Abu Saleh was killed in late November, US military spokesman Colonel Steve Warren said in a videoconference from Baghdad, calling him “one of the most senior and experienced members” of the group’s financial network.
The US government’s envoy for the anti-IS fight, Brett McGurk, said on Twitter that Abu Saleh was killed along with two associates “as part of coalition campaign to destroy ISIL’s financial infrastructure,” describing him as the group’s “finance minister.”
Abu Saleh’s real name is Muwaffaq Mustafa Muhammad al-Karmush, described in a State Department terrorist blacklist as a 42-year-old Iraqi.
“Killing him and his predecessors exhausts the knowledge and talent needed to coordinate funding within the organization,” Warren said.
The military spokesmen said two other figures in IS fundraising networks also were killed in coalition air strikes in late November.
They were identified as Abu Mariam, an enforcer and senior leader in IS extortion networks, and Abu Waqman al-Tunis, who Warren said coordinated IS’s transfer of people, weapons and information.
Abu Mariam appears on the State Department terrorist list as Mounir Ben Dhaou Ben Brahim Ben Helal, a 32-year-old Tunisian.
The US-led coalition has been targeting IS leaders in Syria and Iraq with air strikes to try to pick apart its command structure.

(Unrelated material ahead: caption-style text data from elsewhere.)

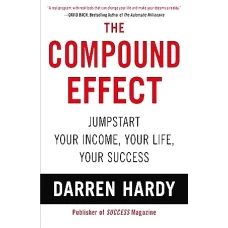 The Compound Effect Jumpstart Your Income, Your Life, Your Success by DARREN HARDY
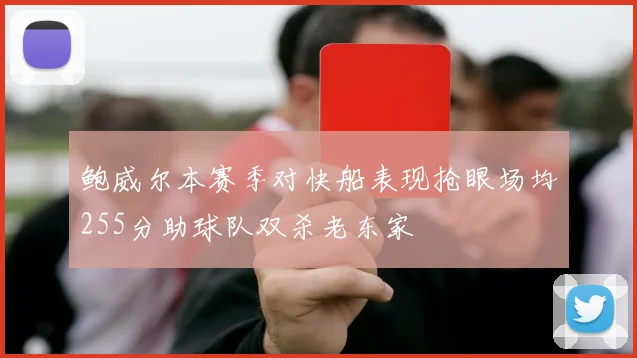 鲍威尔本赛季对快船表现抢眼场均255分助球队双杀老东家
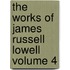 the Works of James Russell Lowell Volume 4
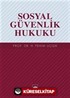 Sosyal Güvenlik Hukuku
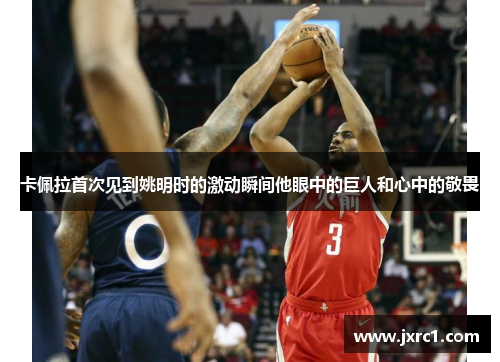 卡佩拉首次见到姚明时的激动瞬间他眼中的巨人和心中的敬畏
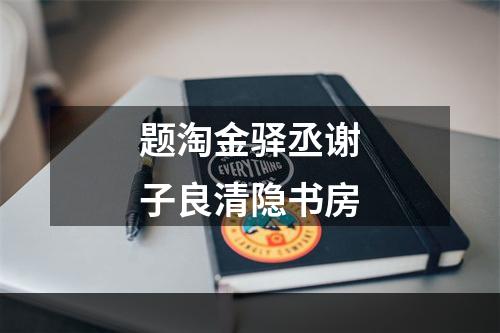 题淘金驿丞谢子良清隐书房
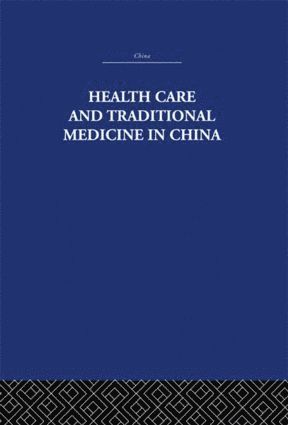 Health Care and Traditional Medicine in China 1800-1982 1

After the attacks in Paris last month, the United States said it is deploying a special operations unit in Iraq that will be able to mount raids into Syria to capture or kill IS leaders.
“We want this expeditionary targeting force to make ISIL and its leaders wonder when they go to bed at night, who’s going to be coming in the window,” US Defense Secretary Ashton Carter told a Senate hearing on Wednesday.
In London, the US Treasury’s acting under secretary for terrorism and financial crimes, Adam Szubin, said IS derives most of its funding from economic activity in the territory it controls.
It has reaped more than $500 million in black market oil sales, looted bank vaults captured in Iraq and Syria, and raised millions more through extortion.
But to run what amounts to a mini-state, it needs steady and renewable sources of funding, and to do that it needs access to the international financial system to move money and import supplies, according to Szubin.
“We are targeting both of these dependencies — ISIL’s ability to generate revenue, and its ability to use that revenue,” he said in a speech to the Chatham House think tank.
“Most recently, the coalition launched a military campaign — Tidal Wave 2, which included precision strikes against ISIL’s key energy assets: oil fields, refineries, and tanker trucks.
“We believe these airstrikes are markedly degrading one of ISIL’s most important sources of funding,” he said.